Monday 23 July 2018

BRAPA - Dripped on in Skipton

'Twas a grey drizzly Friday evening in Skipton, my fifth visit to the North Yorkshire town in the name of pub-ticking, and not a town that has every really convinced me.  Just a bit too twee to have that satisfactory down to earth 'Yorkshireness', reflected in the Good Beer Guide entries over the years, a selection of boring Micros, a French cafe, canal side flops and cliquey clubs.  Even so-called 'proper pubs' like the Woolly Sheep feel little more than tourist 'passing through' chaos chasms.

As I squinted into the heavy grey sky, I saw my first of two pubs through a gap between shops probably selling pagan incense sticks and dolls made of lavender, and got a blob of rain in my eye as I took the photos, even the low down one!  I perhaps wasn't approaching this with the usual wide-eyed enthusiasm!

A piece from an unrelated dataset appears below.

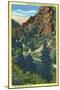 Utah, Aerial View of Big Cottonwood Canyon near Salt Lake City-Lantern Press-Mounted Art Print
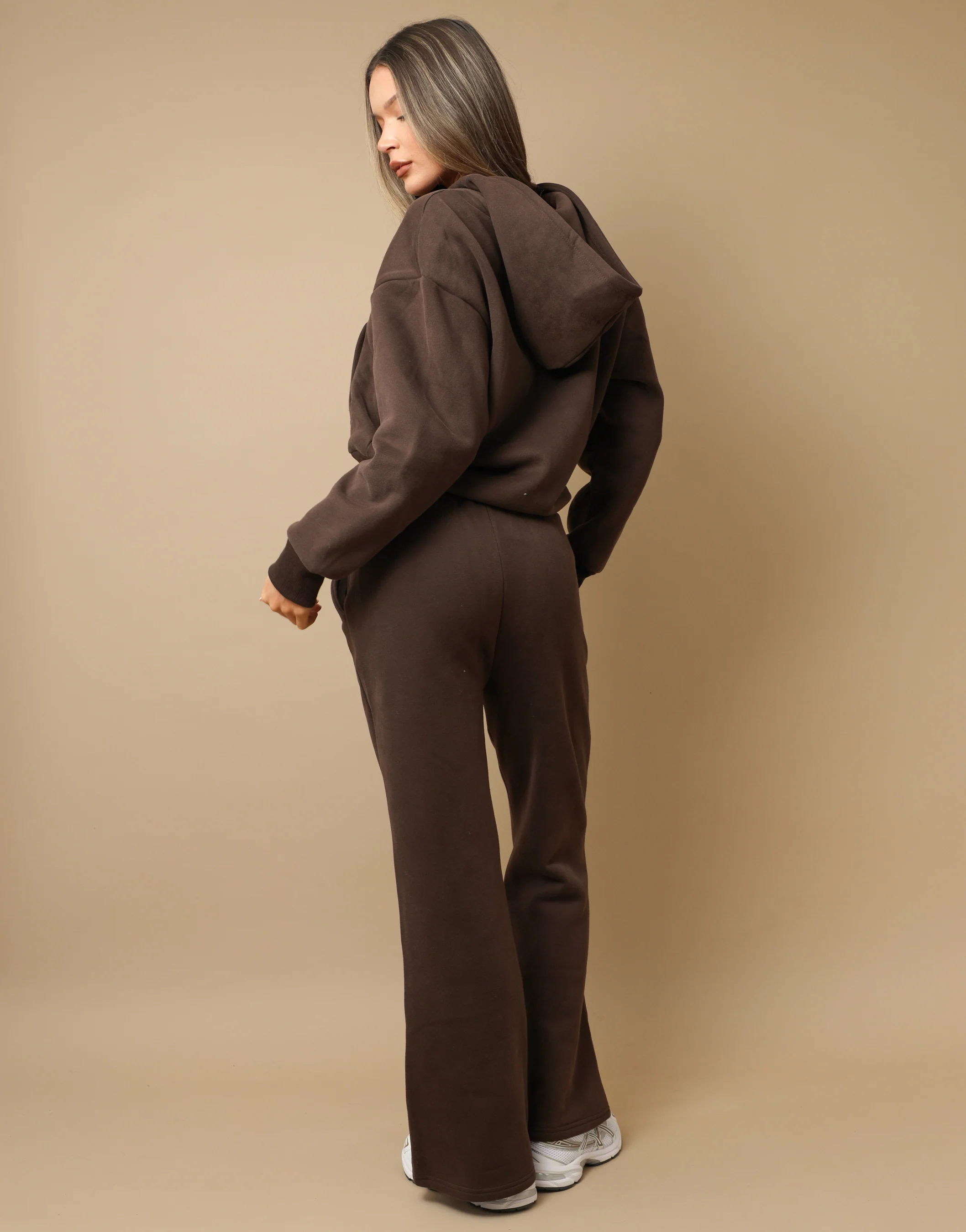 Maui Simmi Studios Essentials Zip Hoodie In Light  Brown - Image 5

1431 / 2177.  Early Doors, Skipton

Full marks for selling all their ales at £3, regardless of strength, always nice to know where you stand, and also full marks for naming your pub after a classic pubby sitcom, although this lacked a 'Grapes in Stockport' traditional lived-in feel.  The landlord was lurking behind the door when I arrived (had he heard I was in town?) but I spied him and we exchanged 'hellos' before the delightful Mrs Mandy Doors served me in that lovely clucky northern hoursewifey way.  I ordered my pint of 'Milking It' from Old Spot in Cullingworth, a superb milk stout it was, and eyed up some very warm looking chunks of pork pie in a dish, as micropubs sometimes do offer.  I was hungry, but not this hungry, and besides, an excitable strapling in a pinstripe suit soon swooped down for the final two pieces.  "To the regiment, I wish I was there" I whispered under my breath as I edged to the wall of this cherry and cream, narrow thin pub.  There was no Tommy, there were no crime cracking coppers.  It was airy, unremarkable, boring you could say, certainly not a micro to hold your attention for more than one drink.  Four jolly blokes appeared, the bald one had an unnecessary raucous laugh, the kind which makes you think he's trying to over compensate for something, and one which you wouldn't bat an eyelid at in say, the New Inn in Denholme, but in a pub and town like this, stands out like a sore thumb.  When I realised they'd rather block the whole pub than sit down like civilsed citizens, I edged to a stool by the door which was comfier, the barman started signing Sinatra, (or was it Sinitta?), Mandy left, and after reading about Birds of Prey in Thirsk,  I wasn't far behind.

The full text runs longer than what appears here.